**TASK DESCRIPTION:** Begin at the line below that contains "Настенные чашечки Baby" and write out every line from there to the end of the entries, exactly.

**Recorded data:**
•••••

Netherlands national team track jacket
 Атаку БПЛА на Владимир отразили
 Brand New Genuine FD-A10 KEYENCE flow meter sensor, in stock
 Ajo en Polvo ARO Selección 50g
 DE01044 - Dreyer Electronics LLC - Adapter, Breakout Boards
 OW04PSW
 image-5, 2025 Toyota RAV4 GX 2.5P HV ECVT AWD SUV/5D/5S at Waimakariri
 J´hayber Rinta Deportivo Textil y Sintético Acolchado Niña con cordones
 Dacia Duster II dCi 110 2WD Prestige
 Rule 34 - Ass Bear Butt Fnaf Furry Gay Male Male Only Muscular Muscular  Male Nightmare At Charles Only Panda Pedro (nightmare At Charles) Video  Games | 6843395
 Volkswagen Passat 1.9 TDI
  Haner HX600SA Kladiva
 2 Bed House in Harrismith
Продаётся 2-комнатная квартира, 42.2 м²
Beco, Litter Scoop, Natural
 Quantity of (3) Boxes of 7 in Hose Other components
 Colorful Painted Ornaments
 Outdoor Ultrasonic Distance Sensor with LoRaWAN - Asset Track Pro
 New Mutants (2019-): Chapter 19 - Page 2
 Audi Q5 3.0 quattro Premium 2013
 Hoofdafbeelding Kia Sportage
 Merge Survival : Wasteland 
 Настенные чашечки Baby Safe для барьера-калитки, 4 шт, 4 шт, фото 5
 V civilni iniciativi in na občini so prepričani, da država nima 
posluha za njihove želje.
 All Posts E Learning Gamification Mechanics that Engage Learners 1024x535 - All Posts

•••••

**EXERCISE ANSWER:**
 Настенные чашечки Baby Safe для барьера-калитки, 4 шт, 4 шт, фото 5
 V civilni iniciativi in na občini so prepričani, da država nima 
posluha za njihove želje.
 All Posts E Learning Gamification Mechanics that Engage Learners 1024x535 - All Posts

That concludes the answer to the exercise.